US 11,907,678 B2
Context-aware machine language identification
Fan Wang, Suzhou (CN); Li Cao, Beijing (CN); Rui Wang, Xian (CN); and Lei Gao, Xian (CN)
Assigned to International Business Machines Corporation, Armonk, NY (US)
Filed by International Business Machines Corporation, Armonk, NY (US)
Filed on Nov. 10, 2020, as Appl. No. 17/093,879.
Prior Publication US 2022/0147720 A1, May 12, 2022
Int. Cl.

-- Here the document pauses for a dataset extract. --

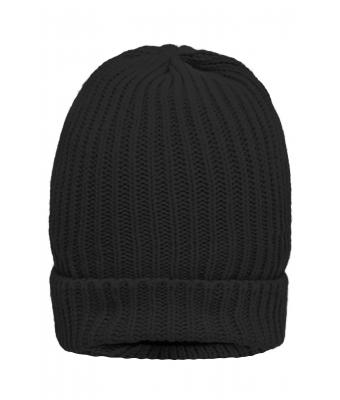 Unisexe Bonnet tricot doublé Noir 7882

G06F 40/45 (2020.01); G06F 40/51 (2020.01); G10L 15/26 (2006.01); G06F 40/30 (2020.01); G06F 40/284 (2020.01); G06F 40/58 (2020.01)
CPC G06F 40/58 (2020.01) [G06F 40/284 (2020.01); G06F 40/30 (2020.01); G06F 40/45 (2020.01); G06F 40/51 (2020.01); G10L 15/26 (2013.01)] 10 Claims
OG exemplary drawing
 
1. A machine translation system, comprising:
a ChatOps system, the ChatOps system adapted to receive a natural language input text from an end user and to generate one or more executable commands from the natural language input text, the ChatOps system comprising:
a density calculator, the density calculator adapted to:
tokenize the natural language input text into a plurality of word tokens;
calculate a part of speech (POS) density for the plurality of word tokens in the natural language input text;
calculate a knowledge density for the plurality of word tokens in the natural language input text;
level the calculated knowledge densities by POS; and
calculate an information density for the plurality of word tokens in the natural language input text using the POS density and the leveled knowledge density;
a sememe attacher adapted to generate one or more corresponding sememes for one or more of the plurality of word tokens using their respective information densities; and
a context translator adapted to translate the natural language input text into the one or more executable commands using the corresponding sememes, wherein the context translator is adapted to:
divide the natural language input text into a plurality of smaller chunks by stop words, the plurality of smaller chunks including one or more word tokens having one or more corresponding sememes attached thereto;
generate a semantic context for one or more of the smaller chunks using the one or more corresponding sememes, including:
cluster the word tokens using the corresponding sememes;
determine a sense for the clustered word tokens;
merge the sense with the corresponding sememes to generate a semantic context for one of the chunks; and
using the semantic context to translate the chunk; and
translate the natural language input text into the one or more executable commands using the semantic context.